Professor Peter Augustine Lawler makes a convincing argument
for broad based undergraduate education (‘general education’). He is critical of
the modern day obsession with specialization (see his insightful piece in The American Interest magazine):
“From one point of
view, the technological model of progress is very personal, insofar as it is
oriented around the security and autonomy of particular persons, but that
personal progress is achieved by surrendering the personal dimension in
understanding and research. We see that in our colleges “general education” is
shrinking and becoming more optional, in part to allow promising students get
right down to specialized research. The principle of specialization, of course,
is becoming a cog in a machine, making a small contribution to a whole process
beyond one’s own comprehension and control. So often the choice of “research
questions” doesn’t flow from one’s own informed curiosity and about nature and
human nature, but from what scientific and technological progress seems to
require at the moment. The important thing is to make some contribution.”

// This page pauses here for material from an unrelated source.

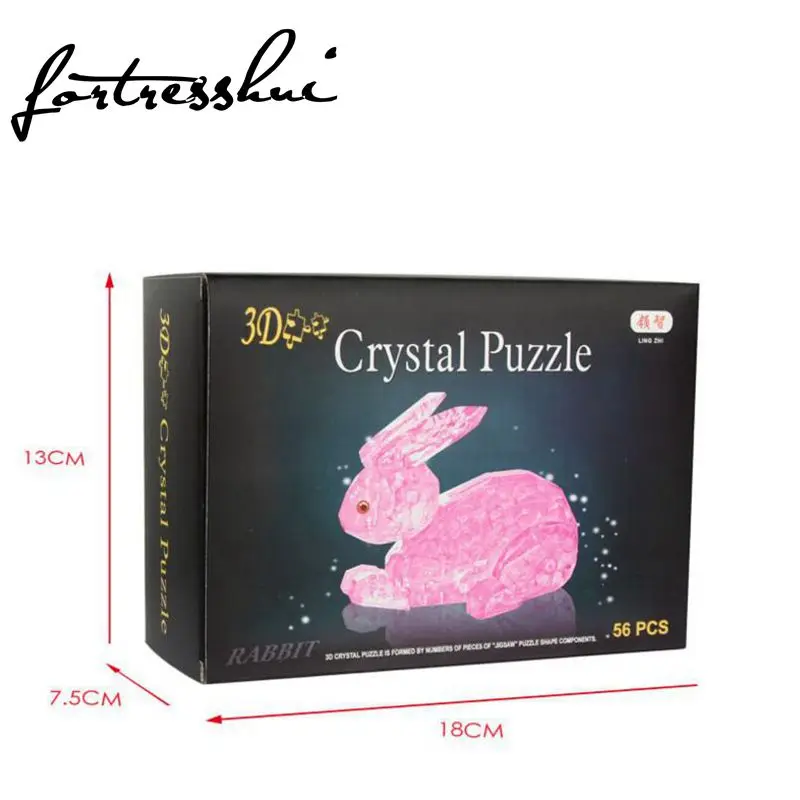 ForTressHui 56 шт. DIY Головоломки Игрушки Забавный Кролик 3D Кристалл Украшения Дома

After reading the above noted piece by Prof. Lawler, I was reminded of the famous quote by the leading economist of the 20th century John
Maynard Keynes:
“The master-economist
must possess a rare combination of gifts .... He must be mathematician,
historian, statesman, philosopher -- in some degree. He must understand symbols
and speak in words. He must contemplate the particular, in terms of the
general, and touch abstract and concrete in the same flight of thought. He must
study the present in the light of the past for the purposes of the future. No
part of man's nature or his institutions must be entirely outside his regard.
He must be purposeful and disinterested in a simultaneous mood, as aloof and
incorruptible as an artist, yet sometimes as near to earth as a politician.”